DMG has used the successful, patent-protected, brand name "Mercedes" since September 1902. But there was still no characteristic trademark. Gottlieb Daimler's sons, Paul and Adolf, recalled that their father had once used a three-pointed star as a symbol.
Gottlieb Daimler was the Technical Director of Deutz Gasmotorenfabrik from 1872 to 1881. At the beginning of his period of employment, he had marked his house on a picture of Cologne and Deutz with a three-pointed star. He predicted to his wife that this star would one day rise gloriously above his production plant.
The DMG Board of Management seized on this prediction and in June 1909 registered both athree-pointed and four-pointed star as trademarks. Both logos were legally protected but it was the three-pointed star that was ultimately used and a three-dimensional star featured on the front radiator of vehicles from 1910 onwards.
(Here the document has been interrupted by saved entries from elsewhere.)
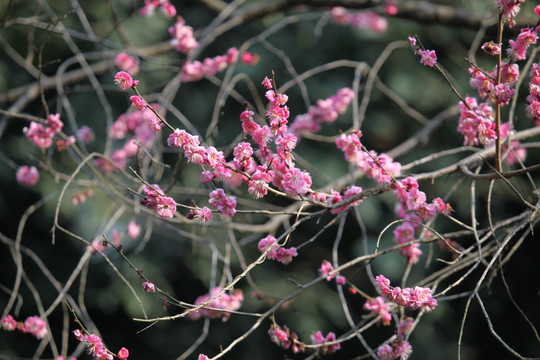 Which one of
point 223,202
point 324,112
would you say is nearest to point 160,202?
point 223,202

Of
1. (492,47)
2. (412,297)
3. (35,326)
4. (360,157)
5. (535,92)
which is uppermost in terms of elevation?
(492,47)

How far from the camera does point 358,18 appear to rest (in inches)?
134

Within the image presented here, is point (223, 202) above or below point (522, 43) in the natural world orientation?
below

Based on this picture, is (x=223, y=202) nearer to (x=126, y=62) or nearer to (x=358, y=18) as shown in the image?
(x=126, y=62)

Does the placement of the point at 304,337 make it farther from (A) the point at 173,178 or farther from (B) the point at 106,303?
(A) the point at 173,178

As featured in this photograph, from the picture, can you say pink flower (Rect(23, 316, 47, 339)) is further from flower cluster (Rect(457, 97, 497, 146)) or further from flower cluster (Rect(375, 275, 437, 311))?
flower cluster (Rect(457, 97, 497, 146))

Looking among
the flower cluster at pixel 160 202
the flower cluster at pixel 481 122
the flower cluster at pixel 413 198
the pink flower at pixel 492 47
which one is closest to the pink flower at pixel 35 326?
the flower cluster at pixel 160 202

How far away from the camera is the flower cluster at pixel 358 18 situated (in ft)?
10.3

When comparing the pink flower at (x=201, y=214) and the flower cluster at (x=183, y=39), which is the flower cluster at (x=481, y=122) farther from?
the flower cluster at (x=183, y=39)

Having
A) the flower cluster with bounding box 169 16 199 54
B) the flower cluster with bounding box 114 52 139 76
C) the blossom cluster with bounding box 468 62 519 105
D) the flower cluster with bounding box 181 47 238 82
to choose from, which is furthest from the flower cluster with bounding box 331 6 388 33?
the blossom cluster with bounding box 468 62 519 105

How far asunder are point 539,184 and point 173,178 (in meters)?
2.94

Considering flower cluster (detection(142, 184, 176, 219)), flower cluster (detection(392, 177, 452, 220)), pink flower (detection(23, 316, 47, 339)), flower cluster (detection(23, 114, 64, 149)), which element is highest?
flower cluster (detection(142, 184, 176, 219))

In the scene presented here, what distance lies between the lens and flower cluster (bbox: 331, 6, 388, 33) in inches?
123

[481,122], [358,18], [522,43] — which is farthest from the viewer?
[358,18] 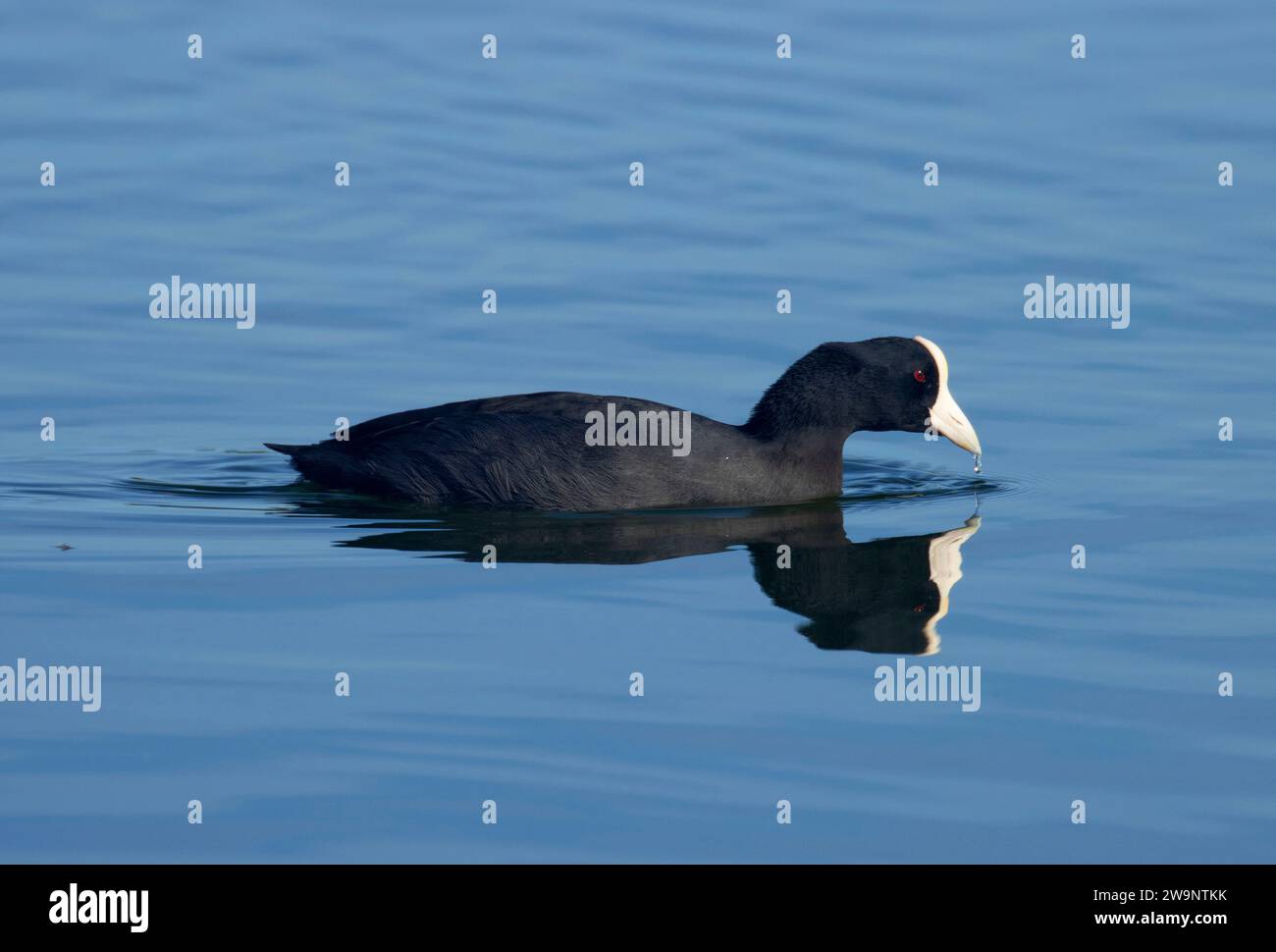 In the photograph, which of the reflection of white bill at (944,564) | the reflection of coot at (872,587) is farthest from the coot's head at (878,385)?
the reflection of coot at (872,587)

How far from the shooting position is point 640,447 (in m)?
11.6

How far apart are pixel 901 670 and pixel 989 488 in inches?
142

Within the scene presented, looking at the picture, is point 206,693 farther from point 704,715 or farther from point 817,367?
point 817,367

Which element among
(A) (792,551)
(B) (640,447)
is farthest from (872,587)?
(B) (640,447)

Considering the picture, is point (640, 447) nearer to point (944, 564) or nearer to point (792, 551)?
point (792, 551)

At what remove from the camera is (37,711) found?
8062 mm

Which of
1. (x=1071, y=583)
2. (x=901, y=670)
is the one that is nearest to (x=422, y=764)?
(x=901, y=670)

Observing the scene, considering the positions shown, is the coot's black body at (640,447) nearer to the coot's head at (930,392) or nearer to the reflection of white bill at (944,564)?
the coot's head at (930,392)

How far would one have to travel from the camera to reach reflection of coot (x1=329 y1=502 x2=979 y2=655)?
384 inches

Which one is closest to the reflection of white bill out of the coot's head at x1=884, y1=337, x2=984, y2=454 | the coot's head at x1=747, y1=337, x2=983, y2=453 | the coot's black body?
the coot's head at x1=884, y1=337, x2=984, y2=454

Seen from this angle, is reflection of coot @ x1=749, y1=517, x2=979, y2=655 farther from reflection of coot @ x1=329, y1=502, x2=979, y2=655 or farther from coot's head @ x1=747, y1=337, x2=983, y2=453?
coot's head @ x1=747, y1=337, x2=983, y2=453

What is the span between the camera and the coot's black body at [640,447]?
11562 mm

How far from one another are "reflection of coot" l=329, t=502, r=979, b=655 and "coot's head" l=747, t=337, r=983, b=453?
1.97 feet

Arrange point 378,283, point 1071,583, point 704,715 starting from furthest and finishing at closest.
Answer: point 378,283
point 1071,583
point 704,715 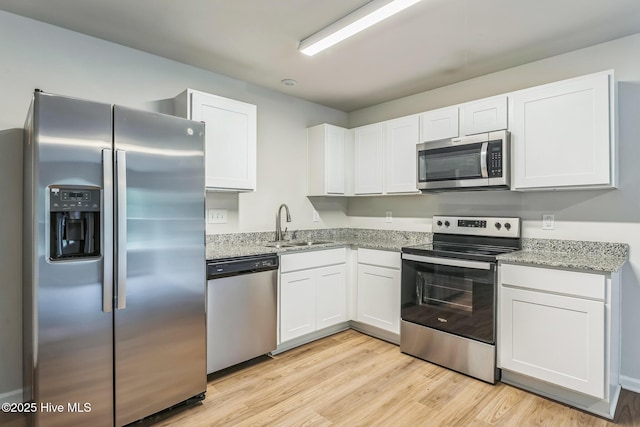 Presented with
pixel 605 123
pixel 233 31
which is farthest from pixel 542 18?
pixel 233 31

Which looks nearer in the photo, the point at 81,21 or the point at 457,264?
the point at 81,21

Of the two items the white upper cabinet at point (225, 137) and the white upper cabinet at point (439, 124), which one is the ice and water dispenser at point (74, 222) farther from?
the white upper cabinet at point (439, 124)

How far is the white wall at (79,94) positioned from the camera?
221 centimetres

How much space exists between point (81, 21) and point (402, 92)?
282cm

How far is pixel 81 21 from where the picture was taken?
7.60 feet

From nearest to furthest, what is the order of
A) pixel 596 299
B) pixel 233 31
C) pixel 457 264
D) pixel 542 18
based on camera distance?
1. pixel 596 299
2. pixel 542 18
3. pixel 233 31
4. pixel 457 264

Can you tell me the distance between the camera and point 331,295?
3396 mm

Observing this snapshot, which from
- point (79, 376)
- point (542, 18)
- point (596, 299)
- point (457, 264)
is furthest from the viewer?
point (457, 264)

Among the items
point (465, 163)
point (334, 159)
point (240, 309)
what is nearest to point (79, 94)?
point (240, 309)

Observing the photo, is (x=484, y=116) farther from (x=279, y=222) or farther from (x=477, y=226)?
(x=279, y=222)

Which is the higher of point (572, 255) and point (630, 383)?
point (572, 255)

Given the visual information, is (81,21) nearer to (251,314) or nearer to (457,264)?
(251,314)

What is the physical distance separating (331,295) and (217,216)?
1.33m

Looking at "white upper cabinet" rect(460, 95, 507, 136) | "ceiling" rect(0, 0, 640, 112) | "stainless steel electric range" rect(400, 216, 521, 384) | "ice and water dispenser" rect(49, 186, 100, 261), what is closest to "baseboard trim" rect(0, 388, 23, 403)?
"ice and water dispenser" rect(49, 186, 100, 261) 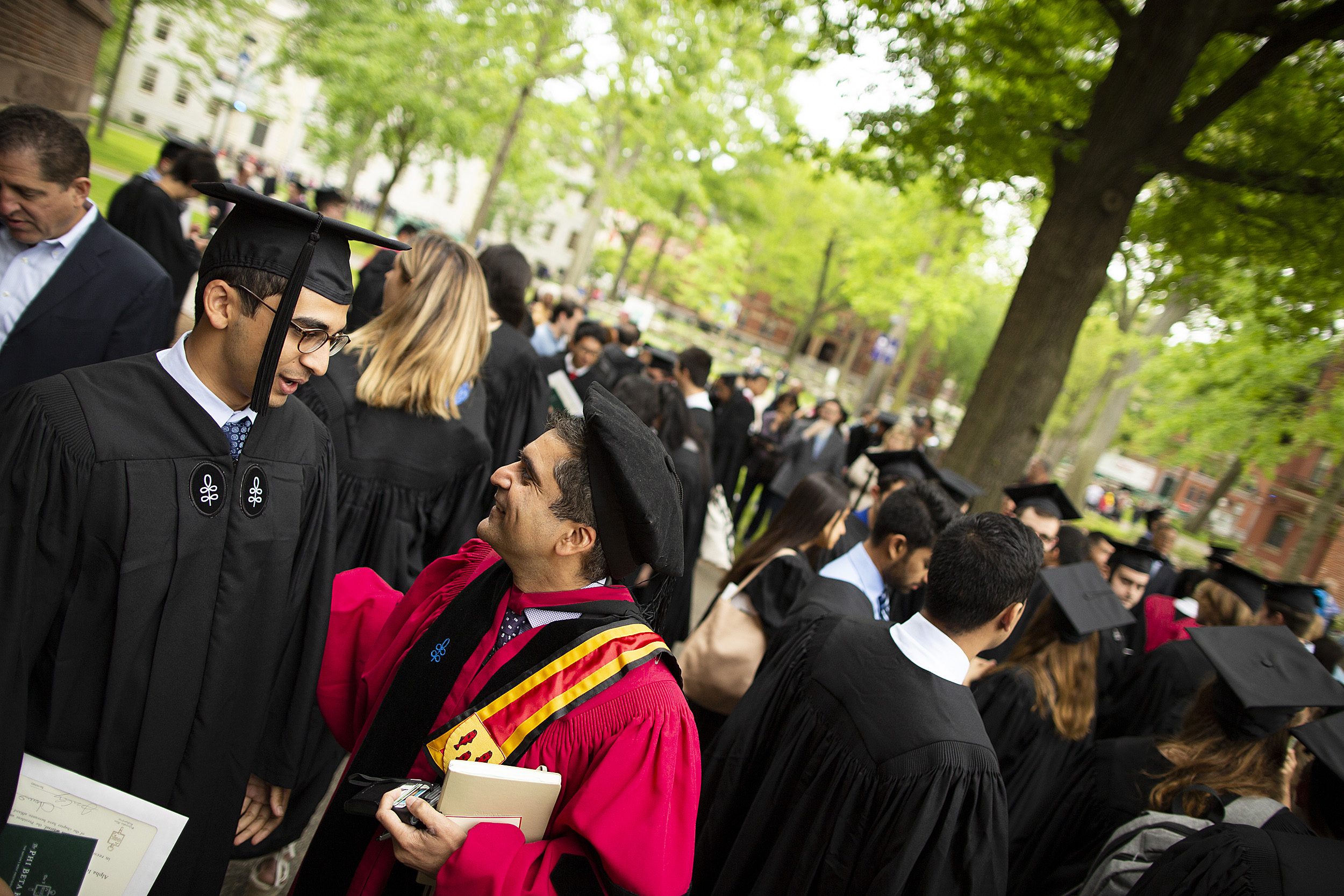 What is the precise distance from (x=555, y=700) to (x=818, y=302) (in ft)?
122

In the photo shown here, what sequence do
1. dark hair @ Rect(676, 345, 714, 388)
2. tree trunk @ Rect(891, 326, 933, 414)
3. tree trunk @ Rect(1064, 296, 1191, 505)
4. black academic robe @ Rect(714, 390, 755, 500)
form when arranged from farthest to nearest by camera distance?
tree trunk @ Rect(891, 326, 933, 414) → tree trunk @ Rect(1064, 296, 1191, 505) → black academic robe @ Rect(714, 390, 755, 500) → dark hair @ Rect(676, 345, 714, 388)

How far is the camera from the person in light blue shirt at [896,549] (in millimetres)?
3396

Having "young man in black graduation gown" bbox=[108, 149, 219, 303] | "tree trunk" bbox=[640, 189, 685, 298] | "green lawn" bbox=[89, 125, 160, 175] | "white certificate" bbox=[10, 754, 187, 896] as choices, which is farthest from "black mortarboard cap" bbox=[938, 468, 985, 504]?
"tree trunk" bbox=[640, 189, 685, 298]

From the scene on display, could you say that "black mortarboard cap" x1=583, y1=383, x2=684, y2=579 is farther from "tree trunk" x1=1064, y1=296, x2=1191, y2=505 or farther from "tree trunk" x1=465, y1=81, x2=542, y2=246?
"tree trunk" x1=1064, y1=296, x2=1191, y2=505

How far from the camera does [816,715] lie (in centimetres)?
248

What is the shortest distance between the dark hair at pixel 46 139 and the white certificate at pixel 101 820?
2.20m

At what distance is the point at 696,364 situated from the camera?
6633mm

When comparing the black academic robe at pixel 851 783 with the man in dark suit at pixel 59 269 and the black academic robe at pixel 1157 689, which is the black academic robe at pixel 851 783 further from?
the man in dark suit at pixel 59 269

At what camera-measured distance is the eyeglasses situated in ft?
5.86

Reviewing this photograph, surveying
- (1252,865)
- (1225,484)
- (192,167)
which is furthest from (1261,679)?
(1225,484)

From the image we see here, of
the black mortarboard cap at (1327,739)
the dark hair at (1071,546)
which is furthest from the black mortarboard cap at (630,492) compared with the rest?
the dark hair at (1071,546)

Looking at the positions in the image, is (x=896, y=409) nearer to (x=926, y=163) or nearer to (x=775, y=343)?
(x=926, y=163)

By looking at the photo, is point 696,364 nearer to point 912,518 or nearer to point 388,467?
point 912,518

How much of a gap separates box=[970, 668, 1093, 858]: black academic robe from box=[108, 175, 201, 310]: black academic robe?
5937 mm
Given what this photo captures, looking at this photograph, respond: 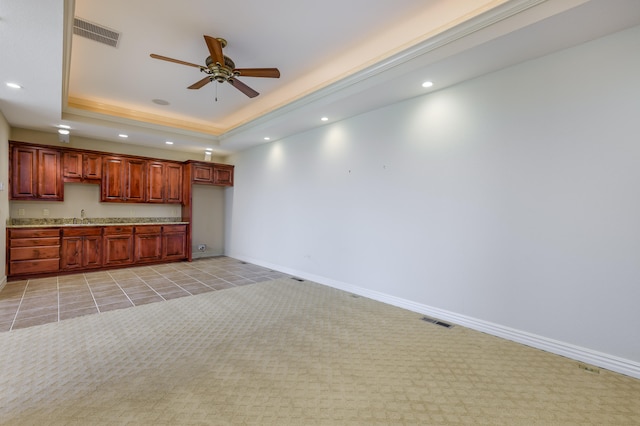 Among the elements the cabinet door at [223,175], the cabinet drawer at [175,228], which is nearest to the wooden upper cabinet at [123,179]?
the cabinet drawer at [175,228]

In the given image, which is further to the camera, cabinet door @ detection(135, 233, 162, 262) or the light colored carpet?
cabinet door @ detection(135, 233, 162, 262)

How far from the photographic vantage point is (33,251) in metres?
4.83

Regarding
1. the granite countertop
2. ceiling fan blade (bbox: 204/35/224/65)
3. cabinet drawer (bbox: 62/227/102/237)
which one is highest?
ceiling fan blade (bbox: 204/35/224/65)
The three-pointed star was also intended as a symbol for Daimler's principle of universal motorisation "on the ground, on water and in the air". Over the years it underwent a number of design amendments. In 1916 a circle was placed around the star, in which four small stars and the word Mercedes or the name of the DMG plants Untertürkheim and Berlin-Marienfelde were inserted.
In November 1921, DMG applied for protection of utility patents for new variants of its brand logo and registered a three-dimensional three-pointed star enclosed in a circle at the patent office – including a design for the radiator grille.